À l’aéroport, ce sont des militaires qui gèrent la sécurité et croyez-moi, ce ne sont pas les plus souriants.
Voilà dans les grandes lignes ce que je retiendrai de mon expérience rishikeshienne.
Je vous l’accorde, ce n’est pas grand-chose.
Mais il faut cependant reconnaître que visiter l’Inde n’était pas l’objet de mon excursion puisque je suis venue ici pour suivre une formation de « yoga teacher training ».
Wow, quatre pages avant de balancer la raison de ma présence en Inde.
Passons donc maintenant à la narration de mon expérience au Pyramid Yogshala.
L’école est divisée en plusieurs bâtiments puisqu’il s’agissait originellement d’un café, qui est ensuite devenu une auberge de jeunesse pour finalement se transformer en école de yoga.
Elle est tenue par une famille indienne (dont j’ai omis le nom), qui a construit l’ensemble des bâtiments il y a 55 ans à partir de rien, et dont de nombreux membres vivent sur place.
S’agissant de la surface, je ne saurais la chiffrer.
Tout ce que je peux vous dire, c’est que le terrain est en pente et qu’il faut faire un peu de grimpette quand on revient un peu trop plein(e) du café. Ceci est loin d’être déplaisant puisque cela permet d’avoir une merveilleuse vue sur l’autre rive du Gange selon où vous vous trouvez dans l’école, et de l’autre côté, d’avoir un joli point de vue sur la forêt.
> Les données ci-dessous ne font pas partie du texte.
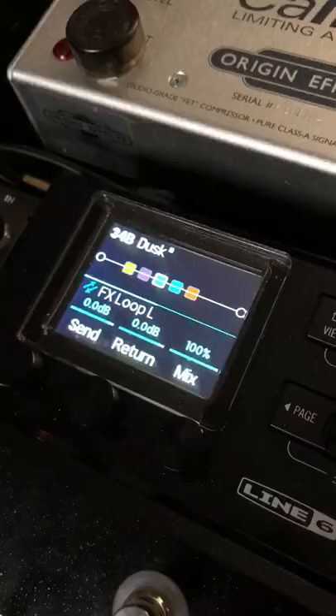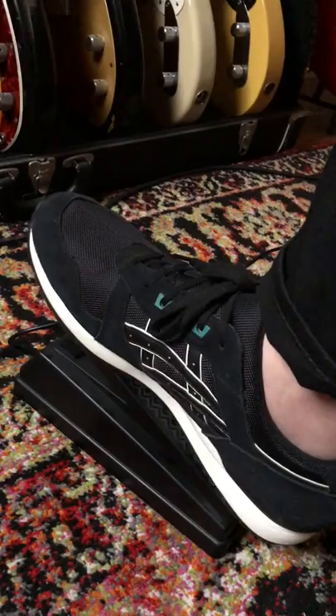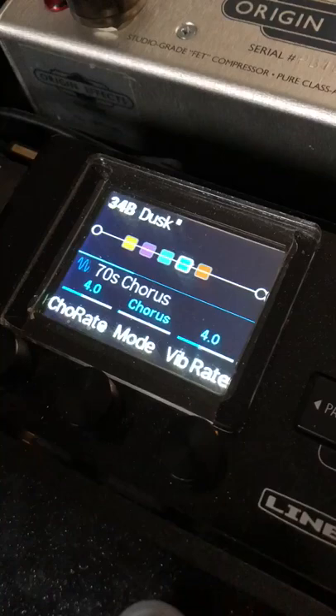Then I'm running an effects loop inside the HX Stomp to connect the Dusk, which is making the wobble. I also have an expression pedal connected to the Dusk, controlling the frequency cutoff. And finally, I'm turning on a bit of chorus and reverb to smooth out the sound and make it more synthy.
S’agissant de l’hygiène des locaux : clairement, on n’est pas sur du cinq étoiles.
Mais au vu du tarif que j’ai payé (à peine 500 euros pour un mois de formation incluant logement et nourriture matin, midi et soir, ce qui constitue l’une des moins chères que j’ai pu trouver pour 28 jours), je m’attendais franchement à pire.
Bon, je crois qu’on se souviendra tous de l’état des toilettes de notre salle de classe et de l’odeur qui va avec pendant un mois, mais encore une fois, je m’attendais à pire.
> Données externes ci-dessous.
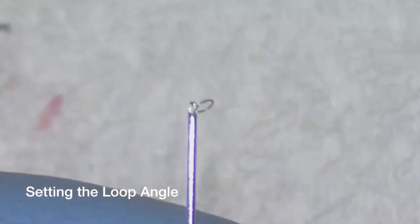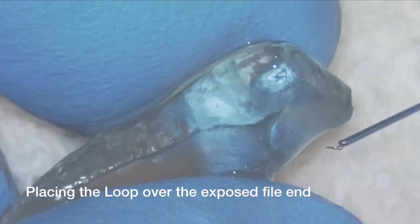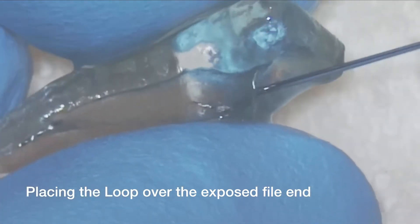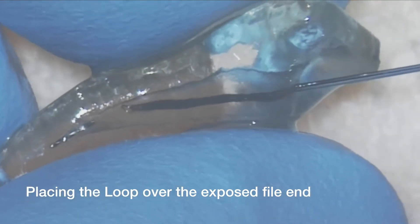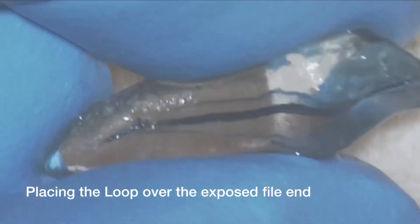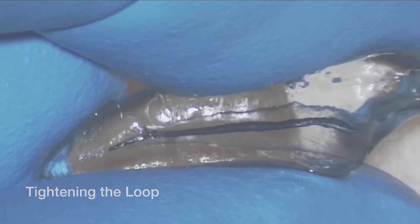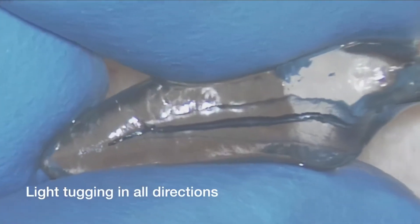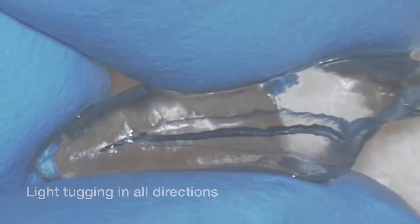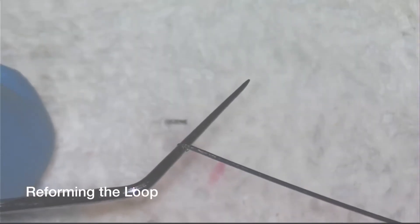I'll show you how to set the loop angle before you release the loop from the explorer — you want about a 45-degree angle, and it'll slide right down the canal over the broken file segment. Then you retract the red button. See the little loop coming in — it's got just the right angle. I expand just a little bit, I'm around it. Tighten the loop up — you can see it tighten right there. Now I'm going to lightly tug on it. I've already released from it, so I reform the loop.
À propos des toilettes (Robin, celle-là, elle est pour toi <3).. En Inde, on n’utilise pas de papier toilette mais une douchette pour se rincer une fois qu’on a fini notre affaire. Il est alors commun d’utiliser sa main gauche pour se nettoyer et sa main droite pour manger (au risque de se faire mal regarder si vous utilisez malencontreusement la gauche pour manger).
CEPENDANT, comment utiliser sa main gauche lorsque les toilettes ne sont pas équipées de savon et comment faire une fois qu’on a le cul trempé et donc dégoulinant, et qu’il n’y a rien pour vous essuyer ?
Vous priez pour que le jet soit suffisamment fort pour nettoyer correctement vos parties intimes,
Vous acceptez le fait que votre bas sera trempé sur cette même zone et donc que tout le monde sache d’où vous venez, après avoir vainement tenté de remuer vos fesses de droite à gauche pour les sécher.
Aussi, bien que je comprenne l’aspect hygiénique et écologique d’une telle technique, j’avoue avoir eu du mal à m’y faire.
Raison pour laquelle je m’arrangeais toujours pour faire ma grosse commission dans ma salle de bain afin de pouvoir me laver le cul comme il se doit et m’essuyer avec ma serviette de douche ensuite (et donc veiller doublement à m’être bien lavé le cul, à défaut d’avoir une mauvaise surprise lors de la prochaine sortie de douche).
Pas très compliqué, me direz-vous.
Sauf que d’une part, je partage ma chambre avec trois nanas et que d’autre part, les passages aux toilettes sont plutôt colorés et bruyants au vu du nombre d’épices ingurgitées par jour (Papa, je t’entends déjà te dire : « Putain, même à 14 000 kilomètres, elle trouve le moyen de parler de sa merde. Prochain paragraphe, les règles ??? Rassure-toi, c’est pour la prochaine newsletter. »)
Ce sera tout pour le thème toilettes, passons au suivant : la chambre.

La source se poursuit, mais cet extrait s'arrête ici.